In the Peach State, and investigation is ongoing that threatens to throw a whole heap of legal trouble the direction of former President Donald Trump, especially now that subpoenas have begun to fly.
The probe centers around communications between then-President Trump and state election officials in Georgia, who’ve suggested that these conversations were somehow improper. Of those subpoenaed, Senator Lindsey Graham of South Carolina may have the most unique retort yet.
Lawyers for Sen. Lindsey Graham are arguing that the South Carolina Republican cannot be forced to testify before a Fulton County grand jury about alleged election interference, claiming he has “absolute immunity” under the US Constitution for phone calls he placed to Georgia Secretary of State Brad Raffensperger.

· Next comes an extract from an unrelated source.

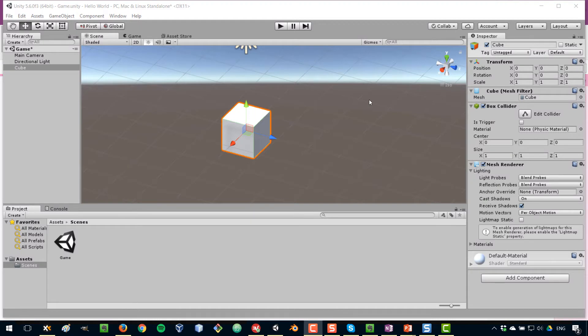The transform component of a game object includes its position, rotation, and scale. What we'll do in this lesson is talk about scaling. When you select a game object, you will notice that the default scale is 1.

Fulton County District Attorney Fani Willis has been investigating efforts by former President Donald Trump and his allies to pressure officials in Georgia to overturn President Joe Biden’s victory.
Graham, one of the former president’s most loyal allies, was ordered earlier this month to appear before a grand jury. Others subpoenaed include Rudy Giuliani, Trump’s former personal attorney.
So, how exactly does this defense work?
Speaking to The Wall Street Journal at the time, Raffensperger said that Graham had called him and suggested he throw out all mail-in ballots from counties with high rates of mismatched signatures. He refused. “We have laws in place,” Raffensperger recounted saying.
Graham has disputed that characterization of the phone call, insisting he only wished to know more about the state’s election processes.
In a filing on Wednesday with a US district court, attorneys for the senator maintained that the conversations cannot be subject to legal scrutiny and the subpoena — upheld by a Georgia state judge on Monday — should be discarded.
They insist he is protected by the Constitution’s speech and debate clause, which states that federal lawmakers “shall not be questioned in any other place” for their remarks during legislative sessions. Graham’s phone calls, because they could potentially be used to craft new laws, fall under this “legislative sphere,” the lawyers argue.
It’s certainly a bold declaration, and there’s no telling yet as to whether or not Graham will be successful.